I was curious about inter-governmental transfers, because countries spend a lot of time in the media bragging about how much they are doing for international aid, and I wanted to see what was true. (For some preliminary answers, which may come with more questions, check the original post. It contains an interactive Tableau visualization for drilling down by country, aid type, and decade.)
At the beginning of mapping country names across all three files, I had 665,317 lines in my final merged file that I was using to add population data to the original Aid data. I was very pleased with my outcomes, and I gathered my family in the living room to show them on the big television. My husband said, "Oh, didn't you have any data for the Democratic Republic of Congo?" And I said, "Oh. I think I need to take another look."
It turned out that the three datasets used different abbreviations for the longer country names, so the inner joins were eliminating entire countries from the final data.
This process was a bit time consuming; it probably took me six hours to track down the various countries across all the data sets, partly due to the size of the data and how long it took to do the loads and merges on my 2014 MacBook Air. It was definitely worth the effort though, as I will show below.
I opened up three different views of the data, because I needed to be able to see what was in the original set (Excel), what my mapping looked like (Python), and how they were matching in the final visualization (Tableau). Poor old computer.
To get back a view of all the original data in Tableau, I changed my "inner" join to a left join.
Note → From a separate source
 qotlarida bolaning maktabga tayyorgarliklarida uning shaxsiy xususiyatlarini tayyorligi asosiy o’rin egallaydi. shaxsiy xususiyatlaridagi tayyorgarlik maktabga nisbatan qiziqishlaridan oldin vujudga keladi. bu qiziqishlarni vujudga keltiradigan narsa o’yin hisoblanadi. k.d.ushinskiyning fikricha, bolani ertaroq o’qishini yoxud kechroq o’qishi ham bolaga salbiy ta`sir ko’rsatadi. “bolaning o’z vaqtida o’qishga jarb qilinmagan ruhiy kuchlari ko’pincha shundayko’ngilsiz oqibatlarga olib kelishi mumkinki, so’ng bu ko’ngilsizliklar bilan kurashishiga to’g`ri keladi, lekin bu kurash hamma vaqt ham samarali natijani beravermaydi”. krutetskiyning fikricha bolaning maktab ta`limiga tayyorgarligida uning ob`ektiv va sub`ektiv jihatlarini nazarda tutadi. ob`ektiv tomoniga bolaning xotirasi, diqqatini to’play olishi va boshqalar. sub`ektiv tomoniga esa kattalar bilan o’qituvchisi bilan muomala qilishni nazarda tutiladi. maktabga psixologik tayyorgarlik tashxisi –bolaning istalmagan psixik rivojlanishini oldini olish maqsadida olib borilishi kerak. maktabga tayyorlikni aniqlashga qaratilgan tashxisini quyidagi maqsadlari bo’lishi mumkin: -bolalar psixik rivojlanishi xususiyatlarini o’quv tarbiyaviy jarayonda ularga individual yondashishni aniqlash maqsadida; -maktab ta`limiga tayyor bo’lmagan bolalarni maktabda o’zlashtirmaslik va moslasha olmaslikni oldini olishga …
I made a sheet that was just a table showing me all the original recipients and donors, whether or not they had been included in the final merged file.
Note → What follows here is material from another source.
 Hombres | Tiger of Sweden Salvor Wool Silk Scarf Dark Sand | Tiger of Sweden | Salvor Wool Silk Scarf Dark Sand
This was a point where visual inspection was absolutely necessary: In one of the original files, the apostrophe in Cote d'Ivoire was encoded as a backtick... presumably because somebody had been using single quotes in their code and didn't want to escape them? Somebody, somewhere, at some point in the past made that decision anyway. This discovery recovered ~ 5000 lines of missing data for the final visualization.
I'm afraid that it only occurred to me to start tracking the specific outcomes near the end of the day, so I only have the alphabetical tail of the data to show you...
Venezuela: Missing 4000 rows totaling $48B
Yemen: 7600 rows, $29B
Yugoslavia: 185, $19B (Much of this came from the World Bank, and so it won't show up in this particular visualization, since it is about the relationships between governments.)
End of Process
In the end, however, I had 792,541 lines in my final data set, compared with the 665,317 I started with. This means that my mapping process resulted in 127,224 additional rows, or 19% more data than I originally was working with.
Two notes - requests for insights
I still am unclear on which abbreviations map correctly to "Korea" in the two larger datasets... The two countries are the "Republic of Korea" and the "Democratic People's Republic of Korea," but one of my datasets has an abbreviation for the "Democratic Republic of Korea." I wasn't sure what to do with that, even after several searches. In the end, I treated all entries labelled "Korea" in any way as Korea, Republic of... This added 16,000 lines to the output file, although Tableau's map calls it South Korea, so it still doesn't show up on the map.
Also, depsite my best efforts, I cannot get Poland to appear in the final data set. My assumption is that there is a unicode problem, probably involving a Cyrillic set of characters that my applications can translate to my fonts, but Python is treating more strictly. I tried using Regular Expressions. I tried matching only on the beginning of the country name. I tried using different encoding. I spent several hours trying to get Poland to show up, but it is always eliminated in the Python mapping step. If anybody has additional suggestions, I would be grateful.